The First Minister confirmed discussions were taking place with charter firms to secure the use of symbolic trains to run on the line to attract more tourists and railway enthusiasts to the Borders after the project is complete in 2015.
Speaking from Hawick as part of the Scottish Government’s summer cabinet programme, Mr Salmond announced that the initiative would begin as soon as the line opened, with plans already underway to secure a famous steam train for the launch ceremony.
The First Minister said the “stunning scenery” that lines the 30 mile route would be a major draw for visitors, with plans also well advanced to expand the proposed terminal station at Tweedbank to ensure that the infrastructure was in place to handle tourist trains carrying hundreds of passengers.
The First Minister said:
“There can be few railway journeys anywhere to match the stunning scenery that will line the route of the new Borders Rail when it opens in 2015, more than 40 years after the last rail service to the region closed.

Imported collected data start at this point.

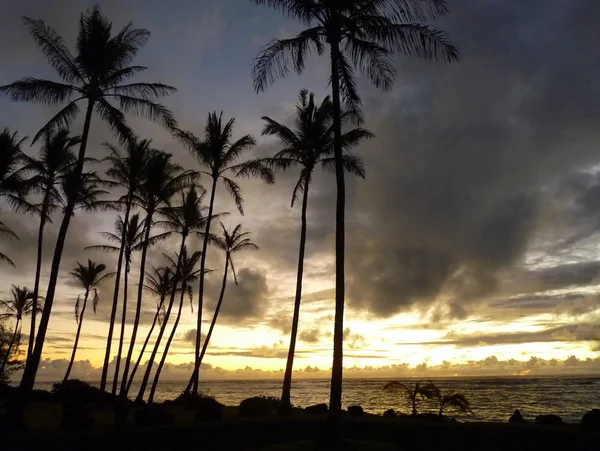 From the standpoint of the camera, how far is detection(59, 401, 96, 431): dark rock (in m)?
15.5

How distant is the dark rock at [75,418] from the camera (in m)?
15.5

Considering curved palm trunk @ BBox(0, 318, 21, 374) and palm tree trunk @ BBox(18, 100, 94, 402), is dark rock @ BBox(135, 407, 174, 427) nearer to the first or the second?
palm tree trunk @ BBox(18, 100, 94, 402)

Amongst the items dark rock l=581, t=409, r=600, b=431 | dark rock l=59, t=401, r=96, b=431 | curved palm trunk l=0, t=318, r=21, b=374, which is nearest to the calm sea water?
dark rock l=581, t=409, r=600, b=431

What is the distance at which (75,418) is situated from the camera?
1559 cm

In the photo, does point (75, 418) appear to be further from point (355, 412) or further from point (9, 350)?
point (9, 350)

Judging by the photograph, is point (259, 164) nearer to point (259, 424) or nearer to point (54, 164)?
point (54, 164)

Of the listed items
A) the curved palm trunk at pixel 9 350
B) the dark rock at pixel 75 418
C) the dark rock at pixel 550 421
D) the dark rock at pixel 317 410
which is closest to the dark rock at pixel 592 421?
the dark rock at pixel 550 421

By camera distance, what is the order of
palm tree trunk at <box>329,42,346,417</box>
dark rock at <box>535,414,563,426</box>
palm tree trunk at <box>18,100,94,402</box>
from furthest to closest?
dark rock at <box>535,414,563,426</box> < palm tree trunk at <box>18,100,94,402</box> < palm tree trunk at <box>329,42,346,417</box>

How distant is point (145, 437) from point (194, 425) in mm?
2311

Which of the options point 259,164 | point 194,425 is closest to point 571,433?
point 194,425

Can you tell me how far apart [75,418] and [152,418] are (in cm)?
255

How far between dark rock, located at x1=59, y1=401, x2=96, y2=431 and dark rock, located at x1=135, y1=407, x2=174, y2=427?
1694mm

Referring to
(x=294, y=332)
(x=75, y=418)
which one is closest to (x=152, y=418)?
(x=75, y=418)

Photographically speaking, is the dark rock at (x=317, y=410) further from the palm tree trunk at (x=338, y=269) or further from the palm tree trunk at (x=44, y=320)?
the palm tree trunk at (x=44, y=320) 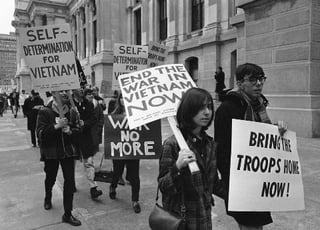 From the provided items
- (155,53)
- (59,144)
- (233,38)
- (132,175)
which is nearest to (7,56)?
(233,38)

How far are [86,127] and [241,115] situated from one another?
9.78 feet

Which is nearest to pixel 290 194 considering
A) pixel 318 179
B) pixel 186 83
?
pixel 186 83

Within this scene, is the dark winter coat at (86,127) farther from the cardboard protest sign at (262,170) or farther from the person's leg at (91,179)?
A: the cardboard protest sign at (262,170)

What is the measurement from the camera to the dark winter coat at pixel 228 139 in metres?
2.24

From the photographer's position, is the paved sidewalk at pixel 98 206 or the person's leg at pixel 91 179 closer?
the paved sidewalk at pixel 98 206

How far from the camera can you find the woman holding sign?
1.92 meters

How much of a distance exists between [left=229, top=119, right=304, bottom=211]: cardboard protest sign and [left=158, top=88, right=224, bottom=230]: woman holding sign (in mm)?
190

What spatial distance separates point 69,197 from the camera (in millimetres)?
3777

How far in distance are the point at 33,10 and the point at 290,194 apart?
55329 millimetres

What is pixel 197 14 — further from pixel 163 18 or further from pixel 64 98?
pixel 64 98

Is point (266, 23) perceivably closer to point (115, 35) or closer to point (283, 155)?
point (283, 155)

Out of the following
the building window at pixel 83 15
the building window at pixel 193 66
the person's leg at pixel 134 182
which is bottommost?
the person's leg at pixel 134 182

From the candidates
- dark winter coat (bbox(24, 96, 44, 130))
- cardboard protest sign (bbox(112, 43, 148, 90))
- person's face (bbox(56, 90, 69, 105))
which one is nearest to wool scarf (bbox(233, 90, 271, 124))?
person's face (bbox(56, 90, 69, 105))

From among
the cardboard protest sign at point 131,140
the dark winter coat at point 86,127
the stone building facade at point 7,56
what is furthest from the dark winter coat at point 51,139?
the stone building facade at point 7,56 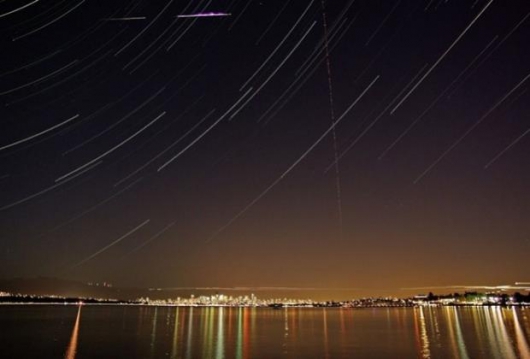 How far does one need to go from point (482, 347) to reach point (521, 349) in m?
3.04

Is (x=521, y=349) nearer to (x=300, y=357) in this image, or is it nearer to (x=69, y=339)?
(x=300, y=357)

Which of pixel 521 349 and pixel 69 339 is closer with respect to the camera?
pixel 521 349

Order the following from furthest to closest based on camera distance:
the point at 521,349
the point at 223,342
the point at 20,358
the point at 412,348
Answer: the point at 223,342 → the point at 412,348 → the point at 521,349 → the point at 20,358

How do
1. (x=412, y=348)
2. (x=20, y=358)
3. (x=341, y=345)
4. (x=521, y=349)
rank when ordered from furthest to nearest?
(x=341, y=345)
(x=412, y=348)
(x=521, y=349)
(x=20, y=358)

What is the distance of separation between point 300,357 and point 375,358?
15.8ft

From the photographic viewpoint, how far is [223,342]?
1586 inches

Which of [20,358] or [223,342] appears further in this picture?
[223,342]

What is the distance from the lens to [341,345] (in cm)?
3725

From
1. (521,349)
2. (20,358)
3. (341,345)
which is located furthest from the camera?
(341,345)

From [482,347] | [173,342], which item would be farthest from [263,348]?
[482,347]

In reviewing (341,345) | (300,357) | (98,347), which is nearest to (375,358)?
(300,357)

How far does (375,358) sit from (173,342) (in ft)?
59.2

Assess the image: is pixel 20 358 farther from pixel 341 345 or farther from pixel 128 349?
pixel 341 345

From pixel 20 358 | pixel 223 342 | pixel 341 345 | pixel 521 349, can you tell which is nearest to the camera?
pixel 20 358
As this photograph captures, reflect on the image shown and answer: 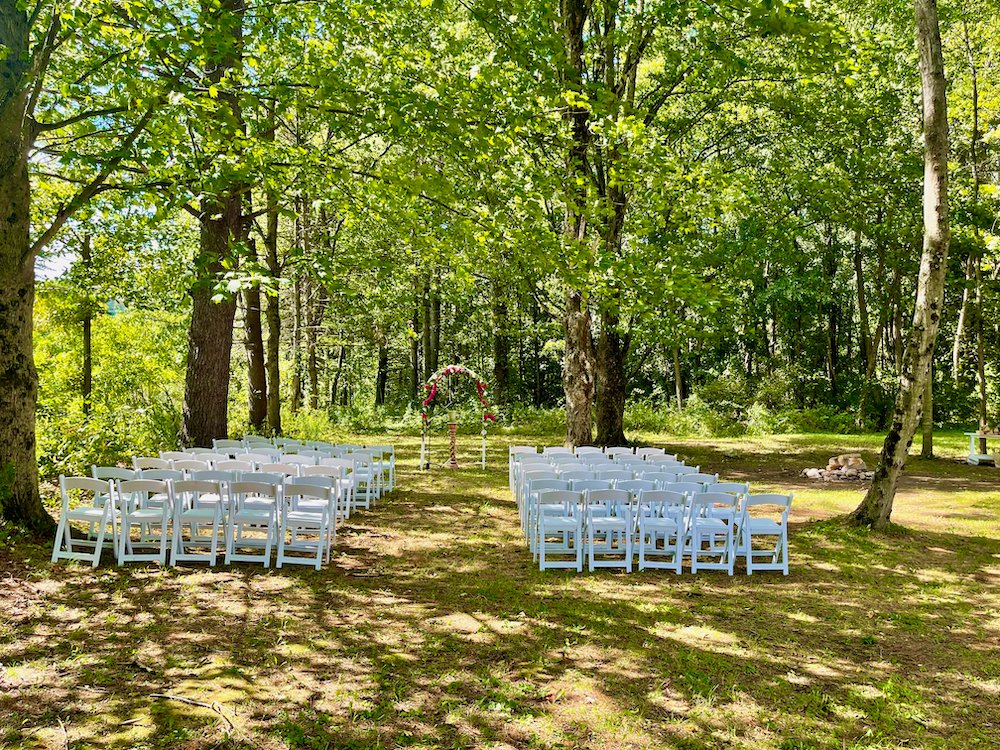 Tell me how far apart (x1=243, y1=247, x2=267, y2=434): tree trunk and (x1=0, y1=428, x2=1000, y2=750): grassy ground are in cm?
937

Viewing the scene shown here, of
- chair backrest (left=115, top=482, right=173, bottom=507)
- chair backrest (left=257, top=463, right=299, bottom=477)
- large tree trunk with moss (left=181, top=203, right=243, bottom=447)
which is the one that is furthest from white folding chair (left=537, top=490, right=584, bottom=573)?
large tree trunk with moss (left=181, top=203, right=243, bottom=447)

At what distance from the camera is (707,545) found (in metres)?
9.73

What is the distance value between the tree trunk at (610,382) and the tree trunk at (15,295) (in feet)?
46.6

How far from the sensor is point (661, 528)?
8180 mm

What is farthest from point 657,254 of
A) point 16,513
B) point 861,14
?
point 861,14

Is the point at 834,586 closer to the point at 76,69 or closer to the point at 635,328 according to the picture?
the point at 76,69

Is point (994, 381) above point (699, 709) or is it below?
above

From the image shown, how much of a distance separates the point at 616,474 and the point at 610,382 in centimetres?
1040

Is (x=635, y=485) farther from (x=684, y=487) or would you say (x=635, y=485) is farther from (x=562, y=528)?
(x=562, y=528)

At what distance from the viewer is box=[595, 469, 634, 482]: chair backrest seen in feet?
31.8

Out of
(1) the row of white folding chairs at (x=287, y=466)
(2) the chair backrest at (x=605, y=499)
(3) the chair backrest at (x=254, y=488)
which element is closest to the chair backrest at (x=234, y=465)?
(1) the row of white folding chairs at (x=287, y=466)

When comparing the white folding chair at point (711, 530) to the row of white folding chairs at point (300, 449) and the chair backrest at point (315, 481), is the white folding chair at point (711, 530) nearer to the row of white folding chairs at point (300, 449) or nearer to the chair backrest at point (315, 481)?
the chair backrest at point (315, 481)

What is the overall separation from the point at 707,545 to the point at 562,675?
529cm

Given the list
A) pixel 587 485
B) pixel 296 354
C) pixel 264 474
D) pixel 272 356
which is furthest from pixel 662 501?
pixel 296 354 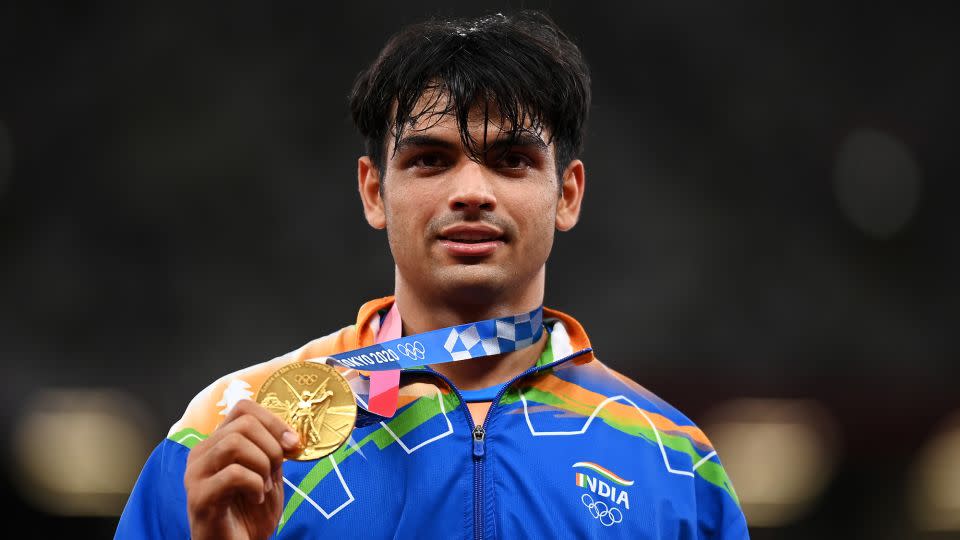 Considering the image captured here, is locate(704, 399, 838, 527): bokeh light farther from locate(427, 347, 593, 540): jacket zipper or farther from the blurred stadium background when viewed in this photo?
locate(427, 347, 593, 540): jacket zipper

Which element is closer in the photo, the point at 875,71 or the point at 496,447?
the point at 496,447

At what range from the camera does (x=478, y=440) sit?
2291 millimetres

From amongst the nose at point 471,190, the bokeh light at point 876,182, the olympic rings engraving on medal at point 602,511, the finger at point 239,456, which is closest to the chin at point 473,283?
the nose at point 471,190

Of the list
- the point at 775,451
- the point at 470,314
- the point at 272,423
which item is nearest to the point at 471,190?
the point at 470,314

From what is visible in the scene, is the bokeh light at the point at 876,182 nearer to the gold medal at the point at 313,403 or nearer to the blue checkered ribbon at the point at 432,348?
the blue checkered ribbon at the point at 432,348

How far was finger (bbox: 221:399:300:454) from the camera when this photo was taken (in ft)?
6.36

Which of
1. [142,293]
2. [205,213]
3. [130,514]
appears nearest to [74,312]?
[142,293]

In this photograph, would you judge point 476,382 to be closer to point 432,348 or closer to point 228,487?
point 432,348

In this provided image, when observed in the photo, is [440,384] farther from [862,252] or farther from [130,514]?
[862,252]

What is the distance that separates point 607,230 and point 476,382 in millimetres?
3935

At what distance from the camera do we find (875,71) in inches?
244

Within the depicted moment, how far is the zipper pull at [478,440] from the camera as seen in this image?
2279 mm

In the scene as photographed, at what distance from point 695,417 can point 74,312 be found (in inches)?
127

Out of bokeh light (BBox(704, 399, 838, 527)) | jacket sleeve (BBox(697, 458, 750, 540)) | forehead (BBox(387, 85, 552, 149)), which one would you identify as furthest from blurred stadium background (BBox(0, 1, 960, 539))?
forehead (BBox(387, 85, 552, 149)) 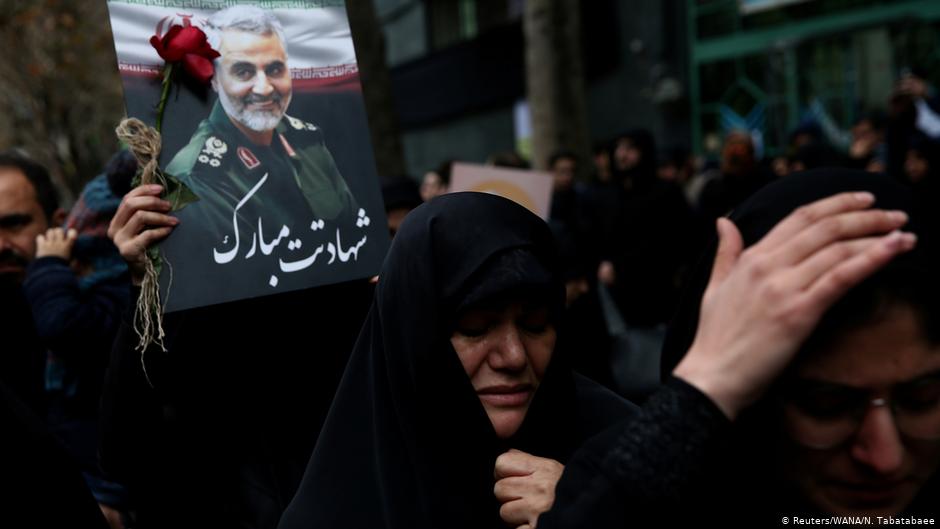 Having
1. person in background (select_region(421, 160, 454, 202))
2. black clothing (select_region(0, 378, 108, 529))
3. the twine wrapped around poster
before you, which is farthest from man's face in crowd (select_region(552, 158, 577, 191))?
black clothing (select_region(0, 378, 108, 529))

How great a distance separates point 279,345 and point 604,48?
1295cm

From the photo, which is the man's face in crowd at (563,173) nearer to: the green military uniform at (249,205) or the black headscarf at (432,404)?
the green military uniform at (249,205)

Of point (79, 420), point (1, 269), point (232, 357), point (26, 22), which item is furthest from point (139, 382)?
point (26, 22)

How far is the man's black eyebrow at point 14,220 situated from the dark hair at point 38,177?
81 millimetres

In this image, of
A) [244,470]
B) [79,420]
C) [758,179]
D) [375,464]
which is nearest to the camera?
[375,464]

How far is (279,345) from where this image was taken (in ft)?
8.30

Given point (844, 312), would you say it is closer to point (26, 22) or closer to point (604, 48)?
point (604, 48)

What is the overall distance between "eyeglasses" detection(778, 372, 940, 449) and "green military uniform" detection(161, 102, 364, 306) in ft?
4.39

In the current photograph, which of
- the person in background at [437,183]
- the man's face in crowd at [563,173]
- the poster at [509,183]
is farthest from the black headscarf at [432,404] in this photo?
the man's face in crowd at [563,173]

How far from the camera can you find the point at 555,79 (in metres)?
10.1

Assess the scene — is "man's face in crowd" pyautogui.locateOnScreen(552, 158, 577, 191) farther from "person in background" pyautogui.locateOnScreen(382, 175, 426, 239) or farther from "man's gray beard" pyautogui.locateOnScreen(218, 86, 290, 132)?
"man's gray beard" pyautogui.locateOnScreen(218, 86, 290, 132)

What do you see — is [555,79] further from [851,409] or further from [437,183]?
[851,409]

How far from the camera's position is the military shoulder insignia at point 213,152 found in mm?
2180

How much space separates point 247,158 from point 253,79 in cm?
20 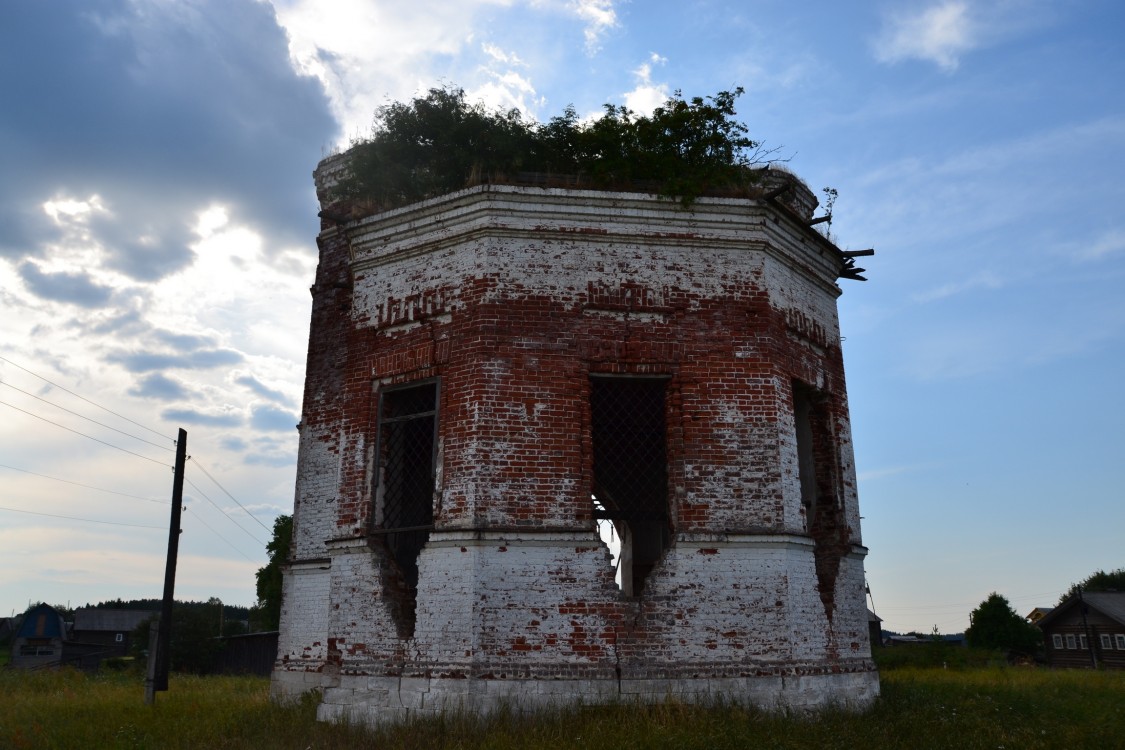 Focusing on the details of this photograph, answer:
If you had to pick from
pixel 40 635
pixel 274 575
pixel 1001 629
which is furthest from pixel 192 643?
pixel 1001 629

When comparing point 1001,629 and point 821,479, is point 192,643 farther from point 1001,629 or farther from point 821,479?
point 1001,629

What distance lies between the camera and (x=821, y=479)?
948 centimetres

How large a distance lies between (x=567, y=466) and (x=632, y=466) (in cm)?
372

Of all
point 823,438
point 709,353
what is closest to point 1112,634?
point 823,438

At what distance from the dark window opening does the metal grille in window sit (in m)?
1.96

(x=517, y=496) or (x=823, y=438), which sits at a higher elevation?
(x=823, y=438)

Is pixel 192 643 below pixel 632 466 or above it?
below

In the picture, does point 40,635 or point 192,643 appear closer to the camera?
point 192,643

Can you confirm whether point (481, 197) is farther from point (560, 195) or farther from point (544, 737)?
point (544, 737)

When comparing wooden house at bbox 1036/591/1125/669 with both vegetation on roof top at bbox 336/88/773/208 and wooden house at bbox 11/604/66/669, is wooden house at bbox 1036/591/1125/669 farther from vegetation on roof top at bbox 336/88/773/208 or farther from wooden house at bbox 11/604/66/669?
wooden house at bbox 11/604/66/669

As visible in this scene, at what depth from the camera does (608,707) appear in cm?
710

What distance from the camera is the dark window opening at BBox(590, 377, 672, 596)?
29.4ft

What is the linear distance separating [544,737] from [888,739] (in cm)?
305

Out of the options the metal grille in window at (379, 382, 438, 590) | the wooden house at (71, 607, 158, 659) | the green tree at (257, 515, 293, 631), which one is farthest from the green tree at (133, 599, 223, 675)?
the metal grille in window at (379, 382, 438, 590) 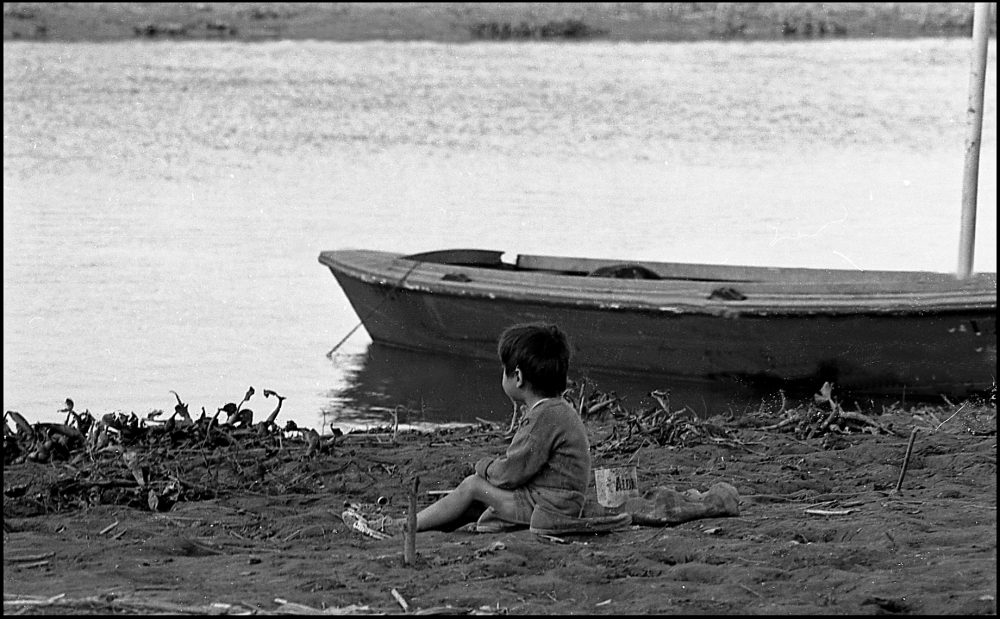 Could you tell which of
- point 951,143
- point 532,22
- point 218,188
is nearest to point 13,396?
point 218,188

“As well as a vital commuter route, the reopened line will provide outstanding opportunities for tourism in the Borders, with passengers expected to flock to see the many fantastic attractions and experiences on offer here, not to mention the attraction that the new line will have for railway enthusiasts.
“It’s important that we maximise these opportunities, offering passengers every reason to travel on the new line, and I am delighted to announce that talks are now underway with charter train firms to ensure that people have an unforgettable experience travelling along this incredible rail route on some iconic rail engines.
“We have already announced plans to expand the proposed new station at Tweedbank to cope with the influx of tourist trains expected on the line after its completion, and I hope that the glorious thought of some historic and symbolic trains winding their way down the new 30 mile track will be enough to tempt even more people to spend some time in the Borders.”